#### DATA FOR PROCESSING
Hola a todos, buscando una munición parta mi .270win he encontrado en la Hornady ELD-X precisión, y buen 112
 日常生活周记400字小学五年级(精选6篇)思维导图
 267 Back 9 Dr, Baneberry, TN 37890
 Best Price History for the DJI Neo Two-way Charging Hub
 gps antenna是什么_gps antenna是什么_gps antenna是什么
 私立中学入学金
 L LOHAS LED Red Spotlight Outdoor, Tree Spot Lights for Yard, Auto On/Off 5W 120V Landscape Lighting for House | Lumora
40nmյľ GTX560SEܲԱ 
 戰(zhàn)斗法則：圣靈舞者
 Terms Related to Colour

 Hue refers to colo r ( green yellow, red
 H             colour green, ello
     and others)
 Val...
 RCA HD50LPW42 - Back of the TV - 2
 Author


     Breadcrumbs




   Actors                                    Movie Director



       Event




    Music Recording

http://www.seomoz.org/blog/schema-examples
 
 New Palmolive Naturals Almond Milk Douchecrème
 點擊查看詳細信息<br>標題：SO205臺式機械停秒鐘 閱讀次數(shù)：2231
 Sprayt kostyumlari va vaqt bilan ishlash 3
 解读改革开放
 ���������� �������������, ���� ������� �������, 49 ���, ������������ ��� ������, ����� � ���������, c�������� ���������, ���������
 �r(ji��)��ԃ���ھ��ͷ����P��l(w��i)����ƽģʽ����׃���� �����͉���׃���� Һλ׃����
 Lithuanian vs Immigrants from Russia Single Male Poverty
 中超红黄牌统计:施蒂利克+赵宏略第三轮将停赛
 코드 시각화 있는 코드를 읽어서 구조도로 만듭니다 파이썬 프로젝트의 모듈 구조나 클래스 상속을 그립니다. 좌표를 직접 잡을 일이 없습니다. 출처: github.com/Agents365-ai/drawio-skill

#### TO DO
Everything from the line containing "Hue refers to colo r ( green yellow, red" through the final line of the listing, inclusive, must be reproduced exactly; leave out the rest.

#### SOLUTION TO THE PROBLEM
 Hue refers to colo r ( green yellow, red
 H             colour green, ello
     and others)
 Val...
 RCA HD50LPW42 - Back of the TV - 2
 Author


     Breadcrumbs




   Actors                                    Movie Director



       Event




    Music Recording

http://www.seomoz.org/blog/schema-examples
 
 New Palmolive Naturals Almond Milk Douchecrème
 點擊查看詳細信息<br>標題：SO205臺式機械停秒鐘 閱讀次數(shù)：2231
 Sprayt kostyumlari va vaqt bilan ishlash 3
 解读改革开放
 ���������� �������������, ���� ������� �������, 49 ���, ������������ ��� ������, ����� � ���������, c�������� ���������, ���������
 �r(ji��)��ԃ���ھ��ͷ����P��l(w��i)����ƽģʽ����׃���� �����͉���׃���� Һλ׃����
 Lithuanian vs Immigrants from Russia Single Male Poverty
 中超红黄牌统计:施蒂利克+赵宏略第三轮将停赛
 코드 시각화 있는 코드를 읽어서 구조도로 만듭니다 파이썬 프로젝트의 모듈 구조나 클래스 상속을 그립니다. 좌표를 직접 잡을 일이 없습니다. 출처: github.com/Agents365-ai/drawio-skill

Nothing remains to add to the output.